Education and healthcare
With an increasingly affluent middle class, the demand for quality education is high in China. A key factor affecting international migration in cities like Beijing or Shanghai is the lack of educational facilities for executives' families. Prestigious international institutions are lining up to open new institutes to take advantage of this demand. Healthcare will be a growth area with China's aging population an increasing longer term management issue.
Do in China
Investors into China need to ensure that they do thorough due diligence, since the enforcement of warranties can be problematic. Investors do also need to budget for contingencies in terms of time: there's an approval intensive regime in China, things can go wrong and get delayed — an experienced adviser is essential. Finally, it is essential to be aware of and prepared for cultural differences. Companies that have tried to replicate ways of doing business in their home markets in China have faced major difficulties. Investing in China involves recalibrating one's sense of risk management. Companies should be aware of what contemporaries are doing in the Chinese market and what they are getting.
Hong Kong is a special administrative region of China that for historical reasons has its own substantially independent legal system. With a population of about 7 million largely living in about 80 square miles, it is the world's largest financial center after New York and London, and in recent years has outdone both as a center for new listings, including Russian aluminum producer Rusal, which conducted its IPO there in 2010.
With a sophisticated common law system that was heavily influenced by the United Kingdom and with English-based statutes, it has reciprocal judgment arrangements with many countries, particularly English-speaking nations, and is a recognized center for international arbitration. Increasingly, the Hong Kong securities market is adopting the same level of regulation already found in London and New York. It is not a soft option for companies looking to list in Asia but with increasing wealth on the Chinese mainland and with Chinese banks and institutions becoming some of the largest in the world, it benefits from distribution opportunities when it comes to new issues. As the major hub for China inbound investment and to a lesser extent for Chinese outgoing investment, Hong Kong has a highly developed and comprehensive support services industry which includes substantial offices of the world's leading investment banks, legal and accountancy firms and other support specialties.
Its legal framework and location on the doorstep of the world's fastest-growing market make it very attractive for international investors. It's conveniently located on China's doorstep and provides a well-supported bridge between China and the rest of the world. Most overseas investors into China either establish an offshore holding company structure based in Hong Kong or use it as an intermediate link in a chain of holding companies that in turn make direct investments on the Mainland.

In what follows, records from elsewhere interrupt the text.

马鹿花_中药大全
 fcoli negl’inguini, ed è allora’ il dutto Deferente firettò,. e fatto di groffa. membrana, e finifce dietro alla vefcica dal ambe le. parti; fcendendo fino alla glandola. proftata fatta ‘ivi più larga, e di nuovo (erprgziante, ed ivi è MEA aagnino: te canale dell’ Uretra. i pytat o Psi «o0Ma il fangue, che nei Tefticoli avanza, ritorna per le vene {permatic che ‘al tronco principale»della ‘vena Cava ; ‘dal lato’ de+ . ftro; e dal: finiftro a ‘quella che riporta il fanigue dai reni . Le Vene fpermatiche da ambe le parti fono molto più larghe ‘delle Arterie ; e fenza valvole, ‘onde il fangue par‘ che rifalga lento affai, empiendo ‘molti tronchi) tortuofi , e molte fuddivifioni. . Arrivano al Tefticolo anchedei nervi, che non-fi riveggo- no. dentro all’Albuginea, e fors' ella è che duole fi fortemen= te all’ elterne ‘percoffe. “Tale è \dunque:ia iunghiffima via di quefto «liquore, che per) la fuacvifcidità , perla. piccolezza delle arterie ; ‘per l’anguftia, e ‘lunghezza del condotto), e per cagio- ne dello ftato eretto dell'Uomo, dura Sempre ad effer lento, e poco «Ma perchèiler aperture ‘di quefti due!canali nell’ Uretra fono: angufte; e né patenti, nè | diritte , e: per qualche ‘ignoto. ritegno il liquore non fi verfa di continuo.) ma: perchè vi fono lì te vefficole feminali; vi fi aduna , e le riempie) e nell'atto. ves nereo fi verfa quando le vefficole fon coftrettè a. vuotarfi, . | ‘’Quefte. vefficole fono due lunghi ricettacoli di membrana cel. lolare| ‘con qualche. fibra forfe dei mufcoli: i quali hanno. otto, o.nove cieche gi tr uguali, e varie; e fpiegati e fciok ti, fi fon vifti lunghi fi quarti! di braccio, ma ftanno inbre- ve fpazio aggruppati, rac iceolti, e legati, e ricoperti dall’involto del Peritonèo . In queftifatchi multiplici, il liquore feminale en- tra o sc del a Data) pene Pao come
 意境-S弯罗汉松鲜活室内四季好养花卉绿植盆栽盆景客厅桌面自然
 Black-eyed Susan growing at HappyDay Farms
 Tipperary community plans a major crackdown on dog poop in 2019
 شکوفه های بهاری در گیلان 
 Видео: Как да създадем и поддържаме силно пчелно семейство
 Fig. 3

Compared to China and many other places in the world, Hong Kong is a fairly benign tax jurisdiction. For companies, the corporation tax ranges from about 15-16.5 percent. Critically, there is no value added tax, there is no gross sales tax, and in Hong Kong there is no capital gain tax on disposal of Hong Kong held assets. From a corporate and investment perspective many of the structures and the financing techniques available in London and New York are also available and can be easily replicated in Hong Kong.
China will remain a key global investment destination. With corporate Russia increasingly looking to establish a presence outside of Russia, and able to provide many of the commodities, technologies and services China will be seeking, more Russian companies will step into the Chinese market. When they do it, is vital they seek advice on the legal environment of their investment proposal, with due diligence, and a thorough understanding of Chinese laws and processes, essential to their success.